Leaving the etiquette alone for now, our focus is how marketers need to approach our targets. Adding a Twitter field to your contact records is only a start. The sales or support representative should speak directly through whatever medium the contact prefers.
However, for marketers, a social media address is insufficient to manage that channel. We need to relate that contact to the networks where they participate, which requires we build programs tailored to each of those channels. Foremost, we need a way to convert with whom we interact in social media into real prospects. To do so efficiently requires a good database solution and marketing automation and filtration tools that incorporate social media intrinsically.
Who We Are Depends on Where You Reach Us
Software vendors are realizing that the social media is more than just a networking fad – CB radio for the Millennials – but rather represents a society living in multiple locations at once. Just as e-mail marketers learned to adapt as people evolved from sharing one e-mail address to having multiple e-mail addresses, today’s marketers need to address the many different social spheres individuals may inhabit.
If we can reliably identify a person across Twitter, Facebook, YouTube, Yelp and elswhere, we can then segment not only for the demographics of the consumer in question; we can tailor content for the mode they are in where we reach them. The B2B prospect hanging out on Facebook Sunday night behaves differently and has different information needs than the same person reading e-mail on Monday morning.

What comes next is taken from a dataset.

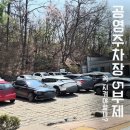 갈산농장 | 2026년 봄 축제 4월 5월 전국 꽃구경 가볼만한곳 주차 및 꿀팁 총정리 후기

Be a Hunter, Not a Gatherer
Now, more than ever you have to know the psychographic and demographic profile of your potential customers. You’re in hunting mode, looking for tracks and setting lures. If you’re not clear about what data is important to you, you’ll waste significant effort.
If you were going to run an ad in a magazine, you would ask about both the psychographics and demographics of the reader so you could target the call to action and message appropriately. With social media, the audience is in multiple modes – participating in many threads. You need to know if your audience reads both Architectural Digest and Four Wheeler. That means developing a messaging matrix.
The way to do this practically is to borrow a technique from social media and use tagging. Pick a set of psychographic properties that are predictive of future customer value. Group them into personas related to the tagged characteristics. Write your messaging to the personas and build your lists based on the tags.
With this planning, it is easier to define your automation requirements. Tagging contacts in your CRM system requires nothing more sophisticated than one or two multi-select lists on your contact record. Ideally, you also want a way to import the tags already available on user profiles.
At this point, we should give up the navel-gazing debates on which are the most appropriate acronyms, and focus on solutions that allow us to start conversations in social media. We don’t need sCRM for social media anymore than we needed pCRM for phones, or eCRM for e-mail.